September 12, 2021
Genesis 1:1 – 2:4a
If you’ve visited my office, you might have noticed this painting sitting on the air conditioner.
I painted it for one of my final courses at the seminary. It was a summer course … this is a point needs to be kept in mind.
There was only one assignment in the course … so it was your entire grade.
Students were given the option of doing a 20-page research paper or creating an art or craft project based on a passage in the Bible and then writing a five- or six-page reflection on the project and the passage.
Twenty pages or six pages… twenty pages or six pages … remember it was a summer course and it was really sunny.
Twenty pages or six pages… it really wasn’t a hard decision to make.
I picked up a cheap canvas broke out my mom’s old oil paints and set out to paint something based on today’s passage from Genesis … in particular the breath of God … what the Hebrews called the “Ruach.”
As a subject, I picked a pine tree near our house in Sudbury.
It sits on top of a steep cliff and rather than stand straight … the north wind has shaped the tree into a curve toward the south. I thought it was pretty symbolic of how God’s breath shaped creation in today’s passage from Genesis.

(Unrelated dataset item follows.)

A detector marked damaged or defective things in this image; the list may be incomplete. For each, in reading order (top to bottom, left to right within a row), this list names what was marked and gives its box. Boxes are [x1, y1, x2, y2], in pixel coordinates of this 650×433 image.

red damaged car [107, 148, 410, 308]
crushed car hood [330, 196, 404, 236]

Well, I had never worked with oil paints before … I didn’t know that they require a bit of time to dry and that … since you paint in layers … one layer needs to dry before you work on the next one.
With the deadline looming, the paint was still wet … so I laid the canvas out in the sun … when that didn’t seem to dry the paint any faster … I broke out my wife’s blow dryer.

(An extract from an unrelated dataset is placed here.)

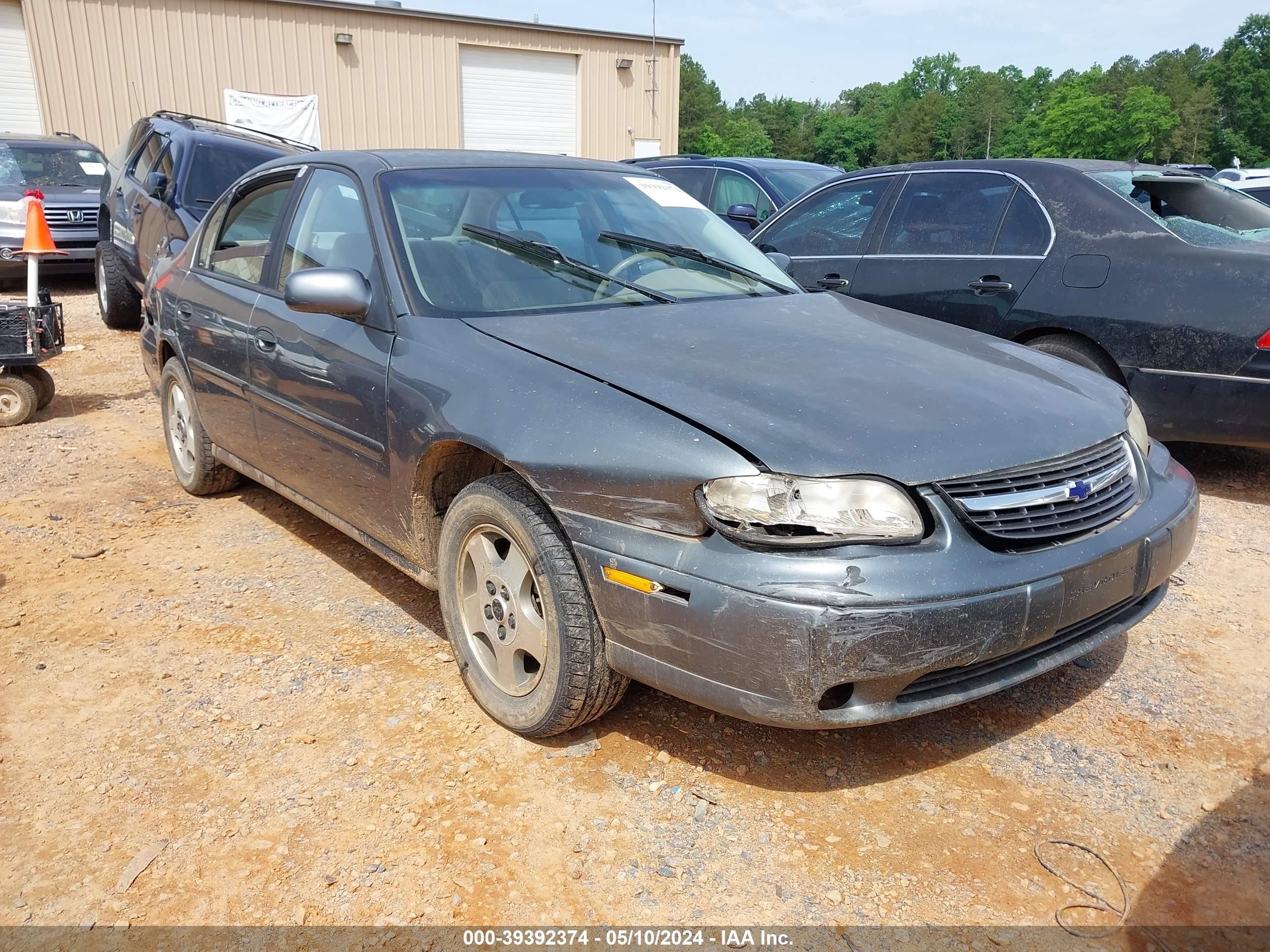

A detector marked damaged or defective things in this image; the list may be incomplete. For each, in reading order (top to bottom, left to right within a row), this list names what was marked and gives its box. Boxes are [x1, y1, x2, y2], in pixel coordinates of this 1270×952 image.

broken rear window glass [1087, 170, 1270, 250]
cracked headlight [1132, 398, 1153, 459]
cracked headlight [706, 475, 924, 548]
damaged front bumper [561, 442, 1194, 731]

Even that wasn’t good enough …
Still, I had to get the project into the professor … so I put the reflection into an envelope … packed it up with the canvas and mailed it to Waterloo.
I got my grade a couple of weeks later … an A, by the way.
I was at the seminary the following September when the professor handed me back the box with the canvas inside … “nice abstract. First time working with oils?” he asked.
Out in the hall, I looked at the painting … which didn’t look like the one I submitted.
Pulling back the flaps of the lid, I could see just how wet the paint had been when I mailed the box. It seems that I actually had two abstracts.
Abstracts … they look chaotic, but usually the artist has a structure they follow when composing it.
The ruach … the wind of change … the breath … that brings about creation is at the heart of today’s reading from Genesis.
In today’s recounting of creation … we heard about God’s activities that brought light from the darkness and life from the water that covered the earth. God provides the life-giving spirit that energizes all creation … a breath that gives motion to life as God provides space for life to flourish.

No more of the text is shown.